En Irak, nous intervenons à la demande des autorités de ce pays et dans le cadre de la collaboration que nous avons avec la coalition – sachant que nous n'intervenons ni en Libye ni en Syrie, même si le contexte est global. La grande nouveauté, à cet égard, est que le califat de Daech s'implante et qu'à la différence d'Al-Qaïda, qui commet des attentats ciblés, il est en train d'organiser un territoire, en voie d'extension, avec une administration et une fiscalité propres. Il est vrai qu'au moment du Livre blanc, on n'avait pas envisagé l'hypothèse que des groupes terroristes s'implantent sur un territoire, ce qui est très préoccupant.

Il est vrai aussi qu'il faut savoir arrêter une opération, comme je l'ai fait en Afghanistan, au Kosovo ou avec Atalante.
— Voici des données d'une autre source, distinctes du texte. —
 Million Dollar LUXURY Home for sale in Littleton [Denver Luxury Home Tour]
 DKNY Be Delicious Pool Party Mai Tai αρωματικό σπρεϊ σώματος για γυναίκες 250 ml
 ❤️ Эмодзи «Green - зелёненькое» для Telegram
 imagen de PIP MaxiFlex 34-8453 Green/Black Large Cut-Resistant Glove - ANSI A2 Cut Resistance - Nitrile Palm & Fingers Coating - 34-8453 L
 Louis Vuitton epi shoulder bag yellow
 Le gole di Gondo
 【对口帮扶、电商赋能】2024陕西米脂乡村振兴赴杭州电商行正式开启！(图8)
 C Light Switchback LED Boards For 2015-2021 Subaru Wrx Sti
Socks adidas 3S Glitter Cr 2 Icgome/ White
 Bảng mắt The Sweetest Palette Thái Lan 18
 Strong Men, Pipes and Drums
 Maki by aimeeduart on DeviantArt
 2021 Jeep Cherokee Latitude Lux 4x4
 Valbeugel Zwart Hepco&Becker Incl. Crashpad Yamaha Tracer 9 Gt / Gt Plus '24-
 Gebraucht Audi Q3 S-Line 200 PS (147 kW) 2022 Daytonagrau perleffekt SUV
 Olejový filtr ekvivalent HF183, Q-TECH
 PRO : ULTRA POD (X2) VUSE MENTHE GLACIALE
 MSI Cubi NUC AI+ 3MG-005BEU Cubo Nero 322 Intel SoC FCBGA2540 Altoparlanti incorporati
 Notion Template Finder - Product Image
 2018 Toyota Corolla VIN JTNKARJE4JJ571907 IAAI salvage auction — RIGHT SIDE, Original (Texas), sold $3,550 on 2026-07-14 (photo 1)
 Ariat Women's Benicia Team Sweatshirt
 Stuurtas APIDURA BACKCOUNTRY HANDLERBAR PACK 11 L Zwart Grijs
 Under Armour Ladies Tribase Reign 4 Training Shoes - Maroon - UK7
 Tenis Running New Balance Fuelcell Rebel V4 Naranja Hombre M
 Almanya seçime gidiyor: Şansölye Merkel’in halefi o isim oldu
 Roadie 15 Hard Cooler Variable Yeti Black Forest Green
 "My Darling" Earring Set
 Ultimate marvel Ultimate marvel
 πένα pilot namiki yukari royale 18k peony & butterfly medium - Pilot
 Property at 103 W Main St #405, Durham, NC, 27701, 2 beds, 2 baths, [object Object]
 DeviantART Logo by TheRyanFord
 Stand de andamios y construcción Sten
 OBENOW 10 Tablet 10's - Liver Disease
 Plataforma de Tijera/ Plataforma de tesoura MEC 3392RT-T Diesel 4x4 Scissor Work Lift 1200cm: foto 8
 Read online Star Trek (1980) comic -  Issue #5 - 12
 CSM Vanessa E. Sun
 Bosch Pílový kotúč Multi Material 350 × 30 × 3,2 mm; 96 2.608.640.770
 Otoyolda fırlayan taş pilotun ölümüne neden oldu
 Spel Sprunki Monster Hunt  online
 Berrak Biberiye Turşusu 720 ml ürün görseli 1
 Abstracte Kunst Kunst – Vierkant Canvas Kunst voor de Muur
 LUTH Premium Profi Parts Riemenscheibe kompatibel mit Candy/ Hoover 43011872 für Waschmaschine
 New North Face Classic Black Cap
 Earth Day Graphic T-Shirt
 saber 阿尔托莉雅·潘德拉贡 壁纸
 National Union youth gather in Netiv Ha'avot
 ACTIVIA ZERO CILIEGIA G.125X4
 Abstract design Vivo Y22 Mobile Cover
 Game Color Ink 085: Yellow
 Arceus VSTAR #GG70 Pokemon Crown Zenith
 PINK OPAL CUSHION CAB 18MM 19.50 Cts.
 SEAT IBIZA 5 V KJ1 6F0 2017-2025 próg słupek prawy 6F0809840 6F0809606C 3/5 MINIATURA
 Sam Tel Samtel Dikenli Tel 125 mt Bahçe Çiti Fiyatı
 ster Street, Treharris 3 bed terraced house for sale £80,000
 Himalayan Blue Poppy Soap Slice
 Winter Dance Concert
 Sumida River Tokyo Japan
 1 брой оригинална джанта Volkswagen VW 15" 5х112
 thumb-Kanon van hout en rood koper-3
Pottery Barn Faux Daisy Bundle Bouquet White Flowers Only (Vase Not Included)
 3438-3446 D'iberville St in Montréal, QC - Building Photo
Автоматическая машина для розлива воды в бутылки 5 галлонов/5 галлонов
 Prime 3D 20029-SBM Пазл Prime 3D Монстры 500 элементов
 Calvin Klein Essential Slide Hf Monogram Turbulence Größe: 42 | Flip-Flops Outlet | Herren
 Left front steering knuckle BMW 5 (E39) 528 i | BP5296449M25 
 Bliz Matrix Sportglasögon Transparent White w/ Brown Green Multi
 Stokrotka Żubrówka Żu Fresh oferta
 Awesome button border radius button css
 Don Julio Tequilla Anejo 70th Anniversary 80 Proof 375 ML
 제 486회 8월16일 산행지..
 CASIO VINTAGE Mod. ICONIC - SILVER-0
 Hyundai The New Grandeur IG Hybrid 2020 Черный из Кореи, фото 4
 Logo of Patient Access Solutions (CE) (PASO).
C'est la condition pour en faire d'autres, sous réserve que la suite soit garantie, que la paix soit revenue ou qu'elle ne soit pas assurée par des forces militaires.

Par ailleurs, s'agissant des commandes de Rafale, il n'y a plus de doute et, sur les REX, une clarification a été apportée. Le rajout budgétaire de 2015 correspond à l'euro près aux REX inscrites dans la LPM de décembre 2013 ; 2,14 milliards d'euros seront inscrits dans la loi de finances rectificative de fin d'année, ce qui ne nous pose pas de problème : alors que les REX ne pouvaient antérieurement être affectées qu'à des investissements, je consacrerai cette somme à ceux-ci et pourrai ainsi engager de façon sereine le processus de commande. Quant aux REX suivantes, elles seront inscrites dans la loi de finances initiale. En d'autres termes, monsieur Lellouche, j'ai gagné mes arbitrages !

Je rappelle que ce sera la première LPM de l'histoire qui, non seulement sera respectée, mais bénéficiera d'une augmentation de crédits.